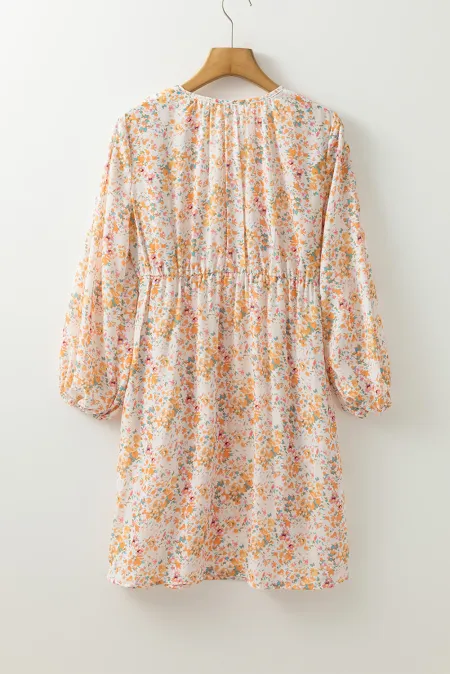 Printed V-Neck Balloon Sleeve Mini Dress.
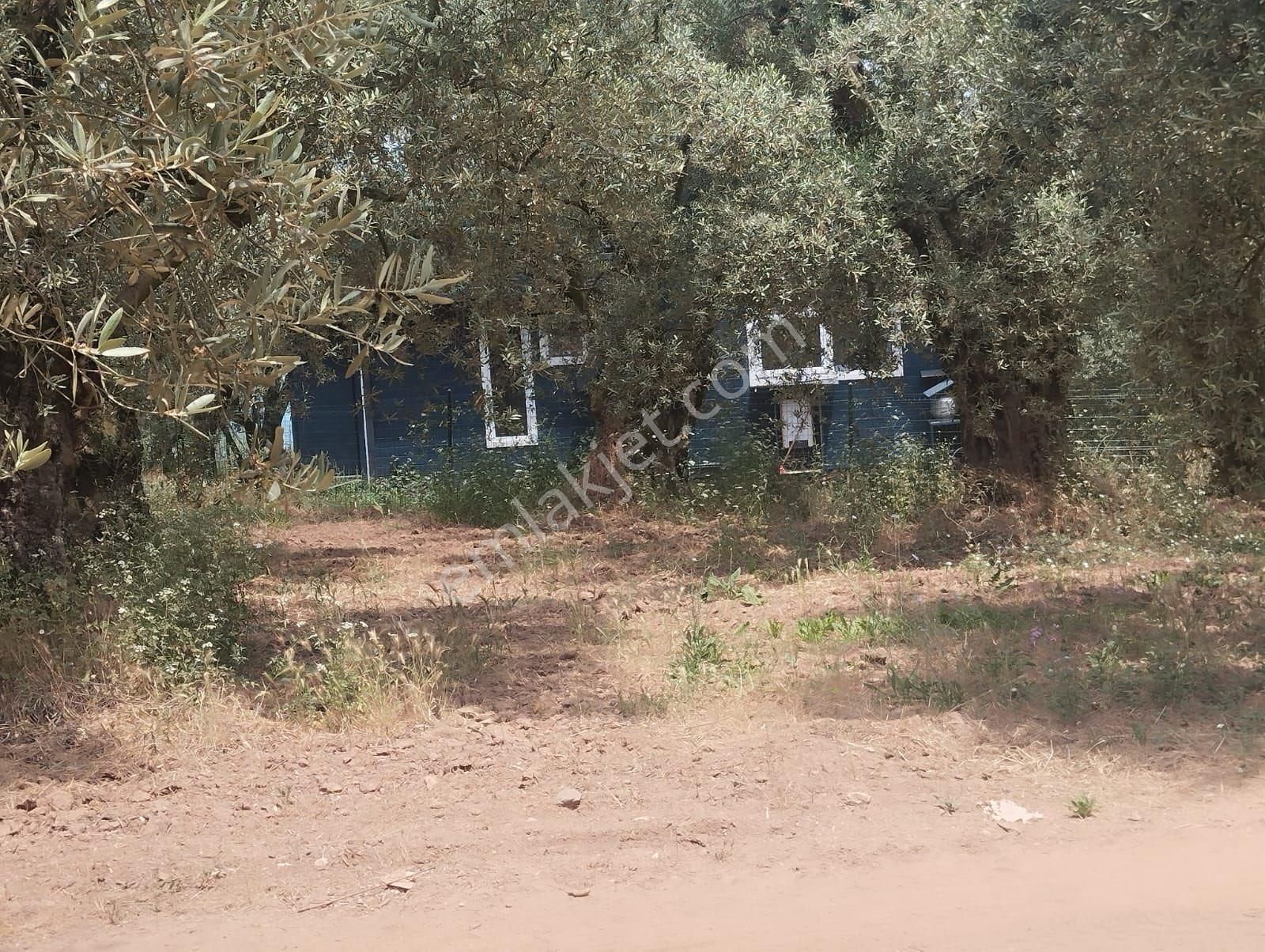 Beka Gayrimenkul'den Narlıca Köyünde Muhteşem Göl Manzaralı Köye Yakın 888 M² Zeytinlik - Görsel 4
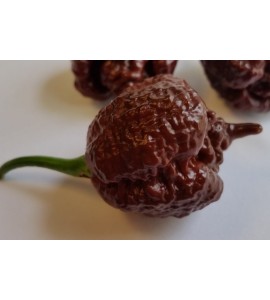 Carolina reaper choco semienka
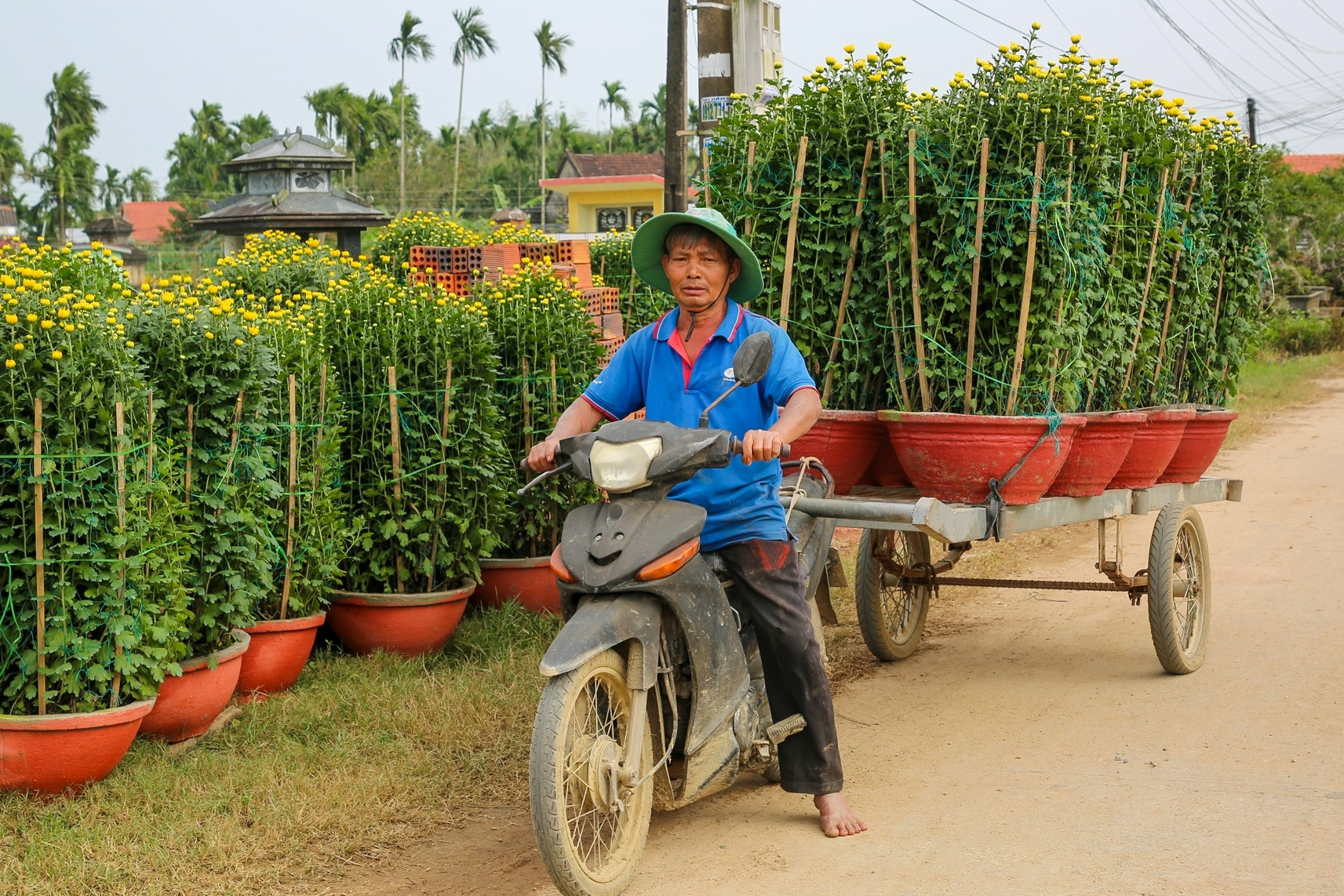 Thương lái vét sạch vườn, làng hoa cúc lớn nhất miền Trung 'ăn Tết' sớm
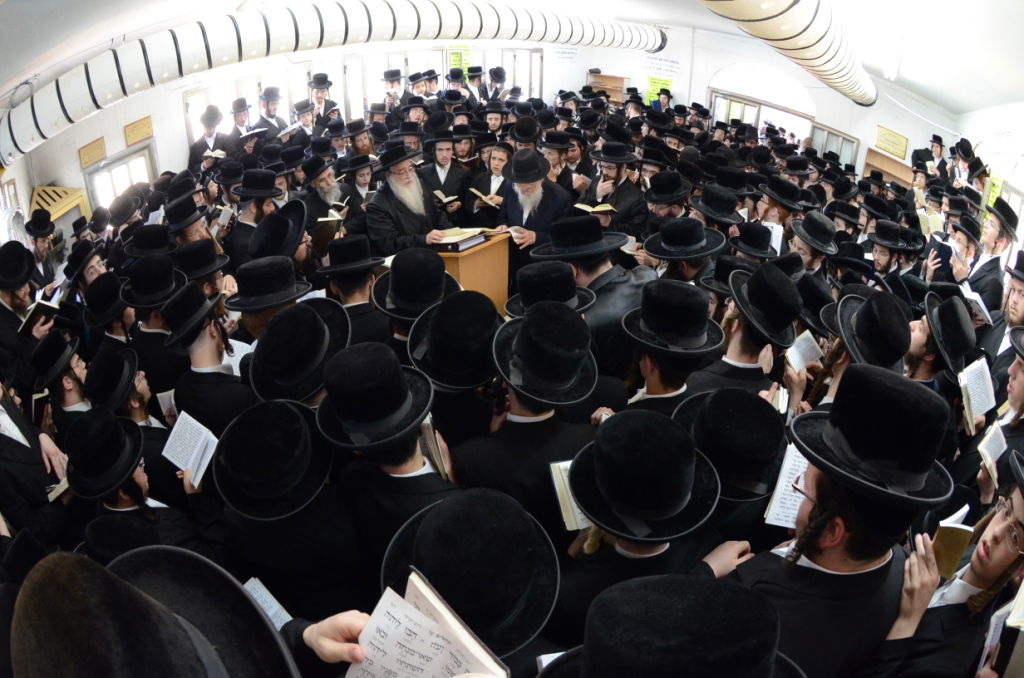 צאנז: יארצייט לבעל ה"שפע חיים" זי"ע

══════════════════════════════

■ Problem details ■
Output each record above exactly as written. Skip any pictures.

■ Final answer ■
 Printed V-Neck Balloon Sleeve Mini Dress.
 Beka Gayrimenkul'den Narlıca Köyünde Muhteşem Göl Manzaralı Köye Yakın 888 M² Zeytinlik - Görsel 4
 Carolina reaper choco semienka
 Thương lái vét sạch vườn, làng hoa cúc lớn nhất miền Trung 'ăn Tết' sớm
 צאנז: יארצייט לבעל ה"שפע חיים" זי"ע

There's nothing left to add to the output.